▸ Aim of the exercise:
In the data below, find the line that contains "Buy Personalized Acrylic" and the line that contains "10k Rose Gold". Copy both, plus every line between them, exactly.

▸ Given entries:

————

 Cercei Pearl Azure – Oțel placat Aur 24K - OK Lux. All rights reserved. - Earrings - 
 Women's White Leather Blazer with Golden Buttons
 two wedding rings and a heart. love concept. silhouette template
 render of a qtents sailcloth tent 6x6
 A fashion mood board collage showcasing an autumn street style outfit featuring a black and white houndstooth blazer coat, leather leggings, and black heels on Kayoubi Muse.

————

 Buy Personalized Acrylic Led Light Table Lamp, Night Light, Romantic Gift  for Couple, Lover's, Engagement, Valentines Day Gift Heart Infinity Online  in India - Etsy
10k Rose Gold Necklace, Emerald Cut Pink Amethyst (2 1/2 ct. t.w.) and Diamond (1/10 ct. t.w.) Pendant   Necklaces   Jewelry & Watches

————

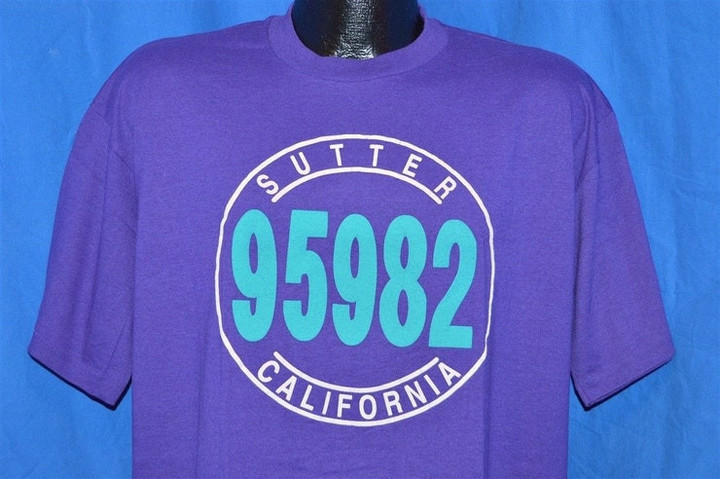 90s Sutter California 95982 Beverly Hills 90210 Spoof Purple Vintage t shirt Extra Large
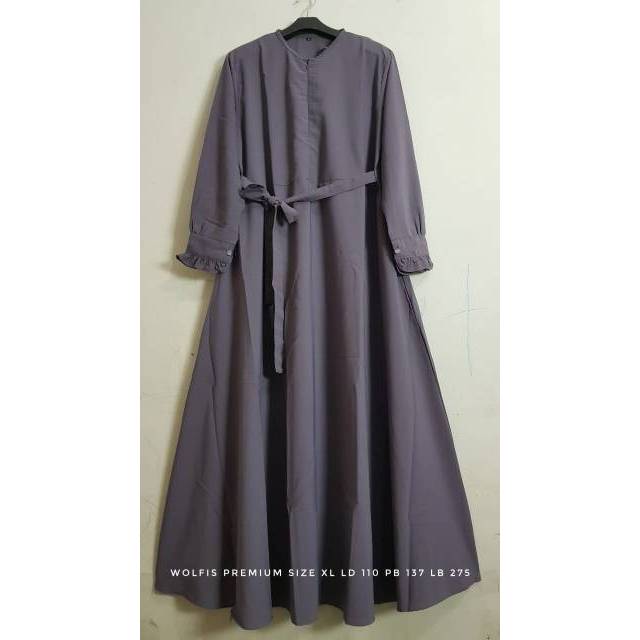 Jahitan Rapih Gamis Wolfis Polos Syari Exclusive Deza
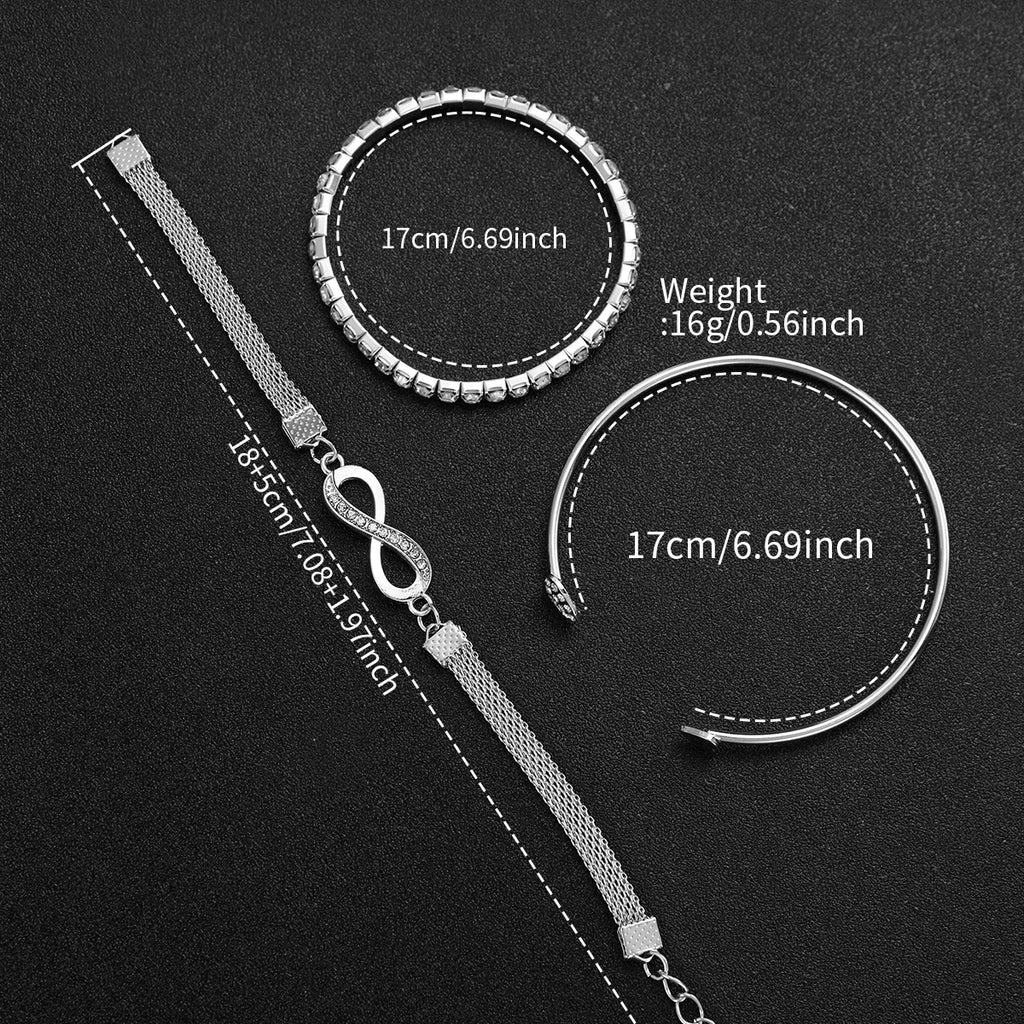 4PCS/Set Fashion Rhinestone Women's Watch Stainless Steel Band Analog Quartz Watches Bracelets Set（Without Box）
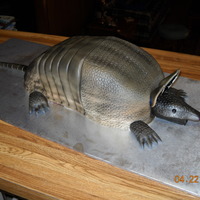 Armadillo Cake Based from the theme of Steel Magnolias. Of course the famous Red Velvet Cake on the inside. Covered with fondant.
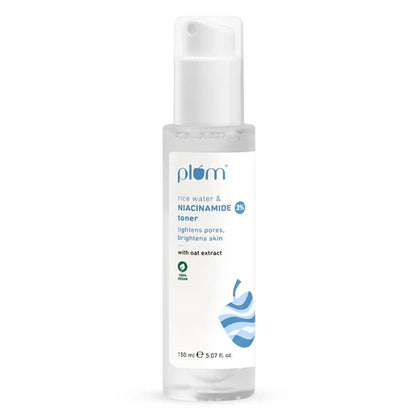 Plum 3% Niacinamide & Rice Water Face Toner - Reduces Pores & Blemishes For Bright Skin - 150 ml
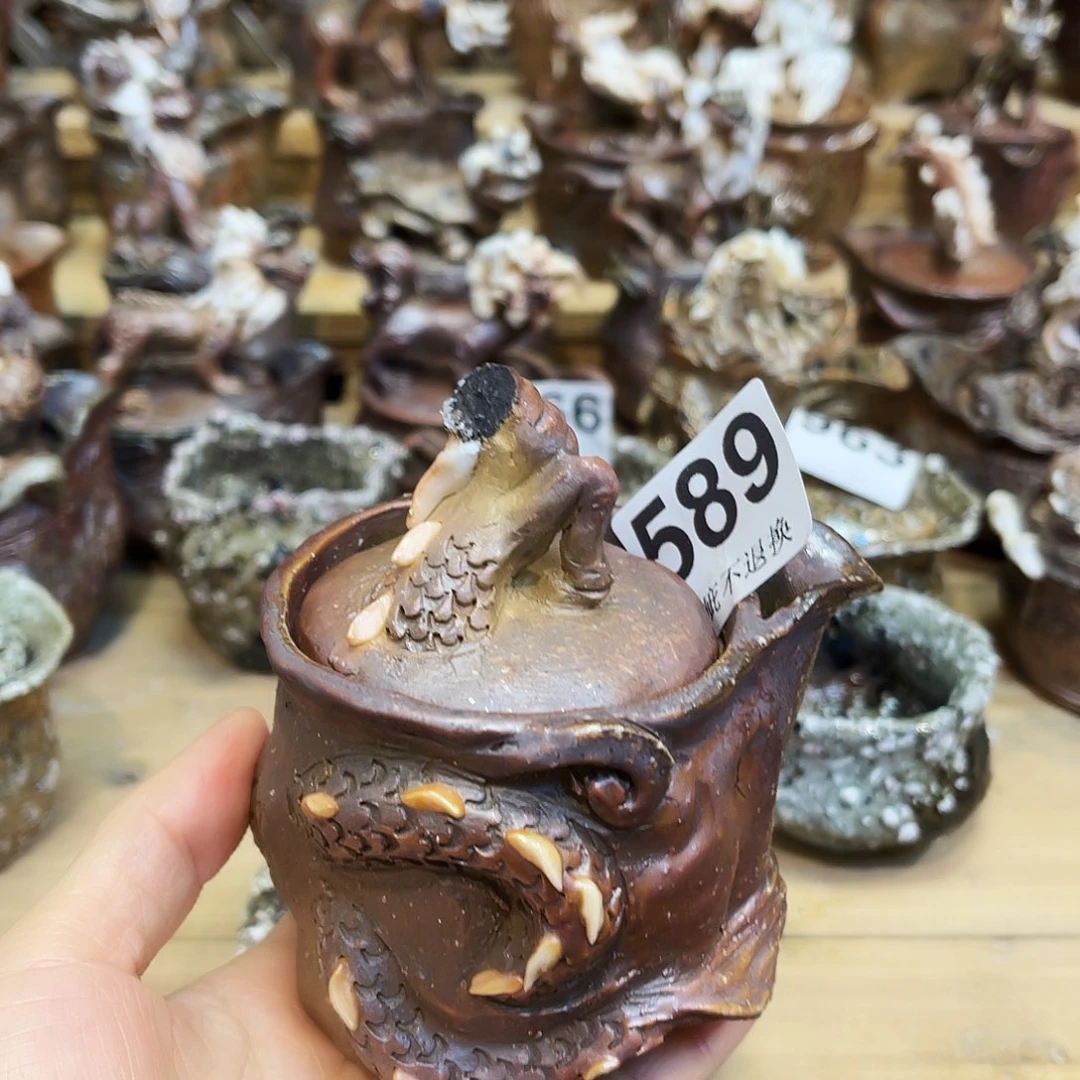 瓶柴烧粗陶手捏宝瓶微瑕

————

▸ Solution for this task:
 Buy Personalized Acrylic Led Light Table Lamp, Night Light, Romantic Gift  for Couple, Lover's, Engagement, Valentines Day Gift Heart Infinity Online  in India - Etsy
10k Rose Gold Necklace, Emerald Cut Pink Amethyst (2 1/2 ct. t.w.) and Diamond (1/10 ct. t.w.) Pendant   Necklaces   Jewelry & Watches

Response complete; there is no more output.